West Bank education crisis: 630,000 pupils hit by Palestinian authority budget cuts
Photo: Collected

Online Desk

Published: 2026-02-17 16:37:56

Public schooling across the West Bank has been cut from five days a week to three as a deepening Palestinian Authority budget crisis disrupts education for around 630,000 pupils in the Israeli-occupied territory.

In the northern West Bank city of Nablus, 10-year-old twins Ahmad and Mohammed now spend much of their week at home instead of in the classroom. The сокращed school schedule is part of sweeping austerity measures imposed by the Ramallah-based Palestinian Authority, which is struggling to meet its public sector wage bill.

Teachers’ salaries have been reduced to 60 per cent of their usual pay, and schools are operating at less than two-thirds capacity, according to education officials. The financial strain reflects a broader fiscal emergency with political and economic roots.

Ibrahim al-Hajj, father of the twins, said he fears for his sons’ future. “Without proper education, there is no university. That means their future could be lost,” he said.

 

Fiscal crisis hits education sector

The budget shortfall stems partly from Israel’s decision to withhold customs tax revenues it collects on behalf of the Palestinian Authority, a move taken after the war in Gaza began in October 2023. The West Bank economy has also been severely affected by restrictions on Palestinian workers entering Israel, alongside expanded checkpoints and movement controls.

The financial squeeze is cutting across public services, but education has been among the hardest hit sectors.

Aisha Khatib, headmistress of the twins’ school in Nablus, said the current generation faces diminished educational opportunities compared with the past.

“Salaries are cut, working days are reduced, and students are not receiving enough education to become properly educated adults,” she said. Several teachers have left the profession for more stable work, while some students have sought employment to support their families during prolonged closures.

When classes are cancelled, Ahmad and Mohammed remain at home while their parents work. Much of their time is spent on mobile phones or watching television. They attend private tutoring sessions, when possible, but the extra cost is an increasing burden.

“We go downstairs to the teacher and she teaches us. Then we go back home,” said Mohammad, who enjoys English and hopes to become a carpenter.

Ibrahim al-Hajj, a farmer, said he cannot indefinitely afford to compensate for what he sees as steady academic decline.

 

Falling standards and lost learning

Tamara Shtayyeh, a teacher in Nablus, said the reduction in classroom hours has already affected academic performance. Her 16-year-old daughter, Zeena, who is preparing for the Tawjihi secondary school examination next year, has seen her average grades fall by six percentage points since the shortened week began.

Shtayyeh warned that younger children face the gravest risks. “In the basic stage, there is no proper foundation,” she said. “Especially from first to fourth grade, there is no solid grounding in writing or reading.”

Irregular attendance and repeated interruptions have weakened discipline and attention spans, she added, describing a visible decline in academic standards.

 

UNRWA schools under pressure

The crisis extends to schools run by the United Nations Relief and Works Agency for Palestine Refugees (UNRWA), which educates approximately 48,000 students in refugee camps across the West Bank.

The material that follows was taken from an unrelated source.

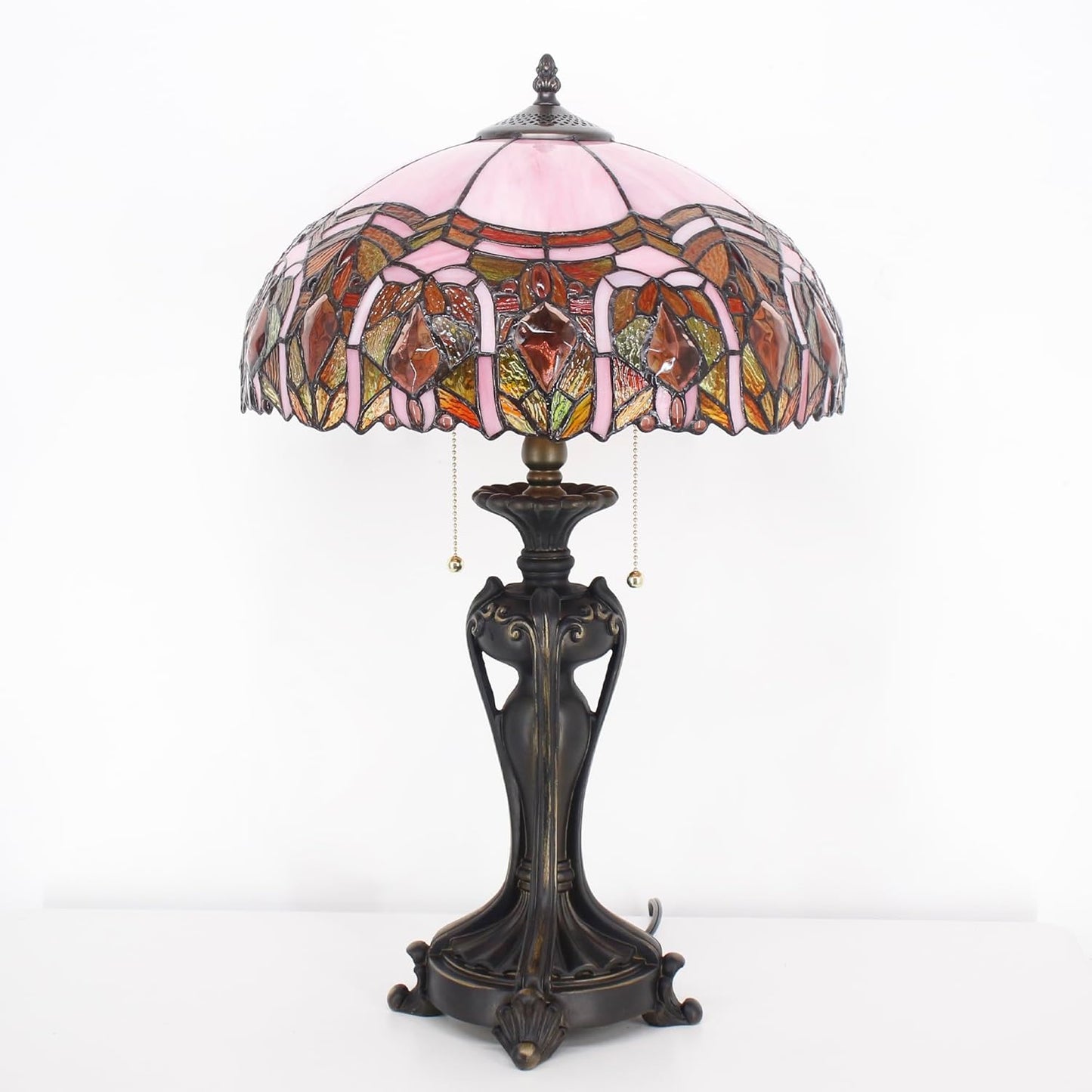 Tiffany Lamp(2 Lights) Stained Glass Table Lamp Bedside Desk Reading Light 16X16X24 Inch Decor Bedroom Living Room Home Office (Pink Jewelry)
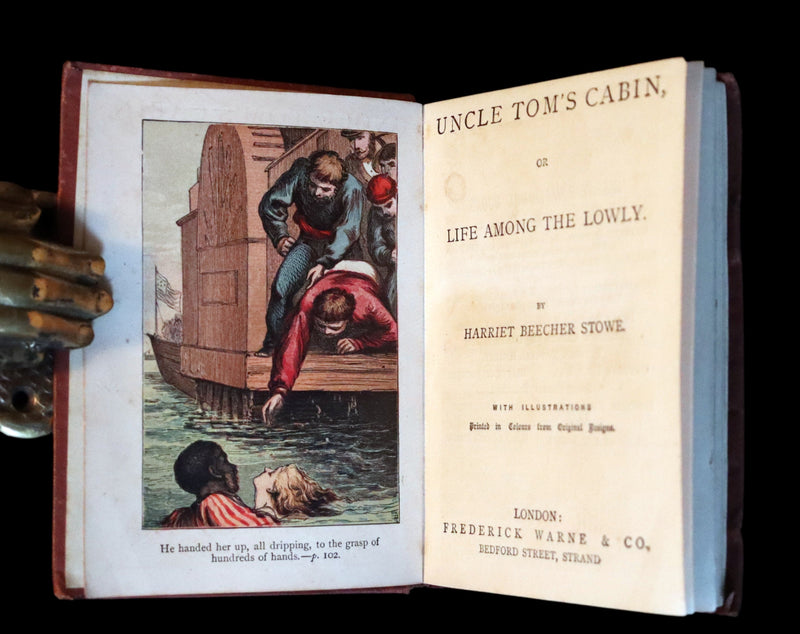 1890 Rare Book ~ Uncle Tom's Cabin by Harriet Beecher Stowe. Color illustrated.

Jonathan Fowler, spokesperson for UNRWA, described the situation as moving from “a learning poverty crisis to a full-scale systemic emergency". ”.

While UNRWA schools are widely regarded as maintaining relatively high standards, proficiency in Arabic and mathematics has dropped sharply in recent years. Fowler cited the combined effects of the fiscal crisis, Israeli military operations, settler interference and the lingering impact of the Covid-19 pandemic.

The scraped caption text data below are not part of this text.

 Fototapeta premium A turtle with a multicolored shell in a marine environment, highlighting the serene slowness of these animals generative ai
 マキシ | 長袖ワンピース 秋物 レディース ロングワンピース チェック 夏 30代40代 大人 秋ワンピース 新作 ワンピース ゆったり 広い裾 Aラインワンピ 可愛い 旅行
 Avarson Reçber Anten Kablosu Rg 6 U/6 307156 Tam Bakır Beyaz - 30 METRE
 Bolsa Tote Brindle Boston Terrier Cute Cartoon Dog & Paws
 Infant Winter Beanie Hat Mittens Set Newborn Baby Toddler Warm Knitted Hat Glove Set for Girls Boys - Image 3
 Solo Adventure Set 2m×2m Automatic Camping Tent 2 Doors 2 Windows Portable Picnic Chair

“The combination of hybrid schooling, trauma and over 2,000 documented incidents of military or settler interference in 2024-25 has resulted in a landscape of lost learning for thousands of Palestinian refugee students,” he said.

UNRWA is itself facing funding shortages after several major donor countries, including the United States under President Donald Trump, suspended contributions. The agency is considering reducing school days as it attempts to manage its own financial constraints.

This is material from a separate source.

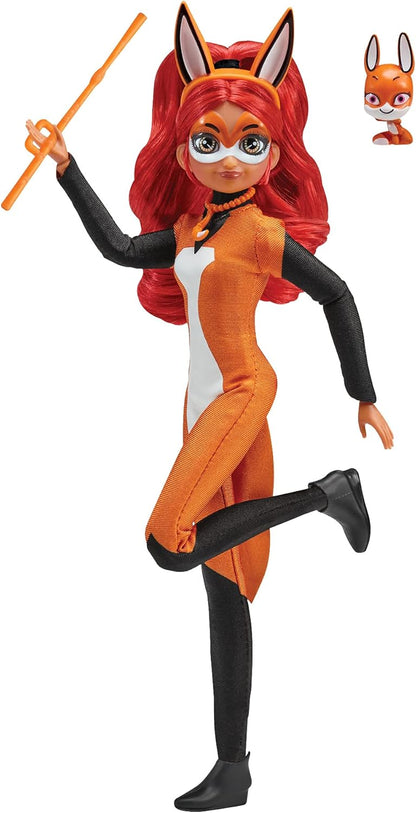 Miraculous Rena Rouge Doll 10.5" Fashion Doll with Accessories and Trixx Kwami by Playmates Toys, Orange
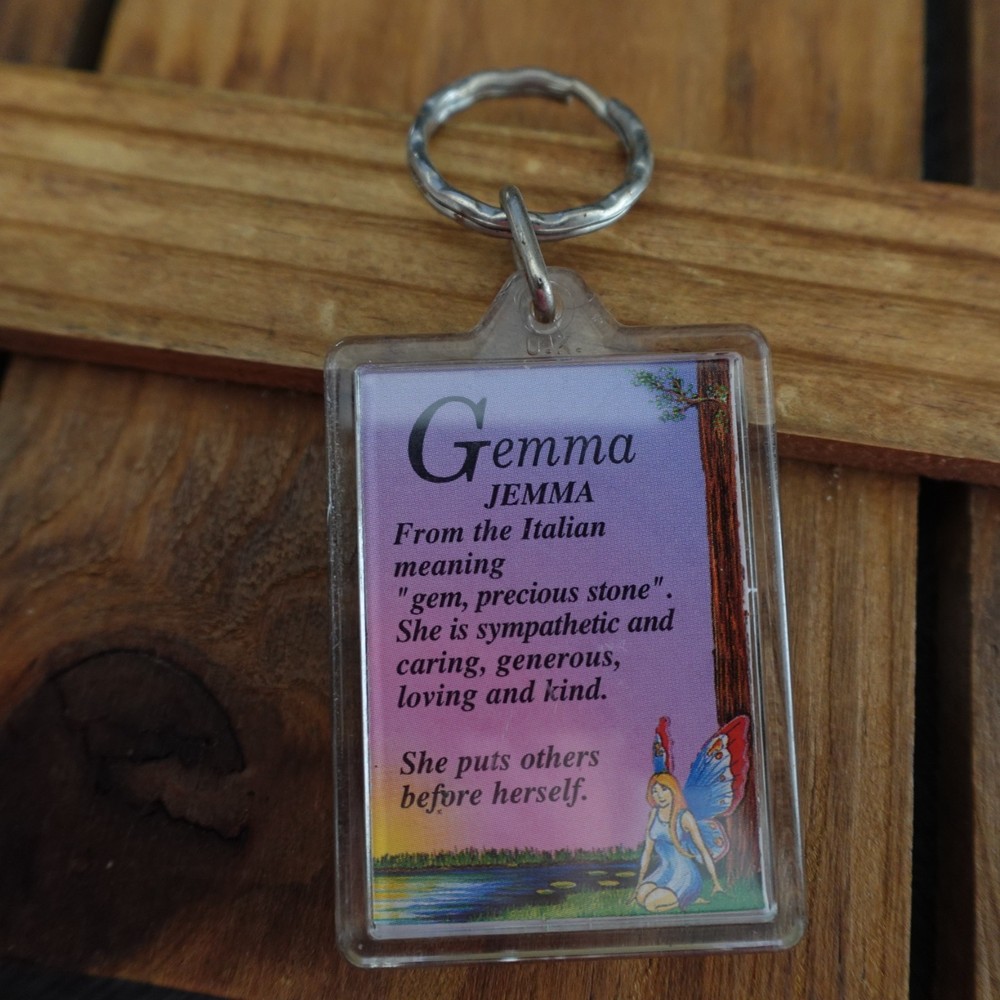 Gemma Personalized Keychain Plastic Novelty Name Definition Meaning Gift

In the northern West Bank, where Israeli military operations displaced around 35,000 people in 2025, some pupils have reportedly lost up to 45 per cent of learning days. Elsewhere, schools face demolition orders or closure, including six UNRWA-run institutions in annexed east Jerusalem.

Teachers say the cumulative impact of fiscal austerity, political instability and security pressures threatens an entire generation.

“We are supposed to look toward a bright and successful future,” Shtayyeh said. “But what we are seeing is things getting worse and worse.”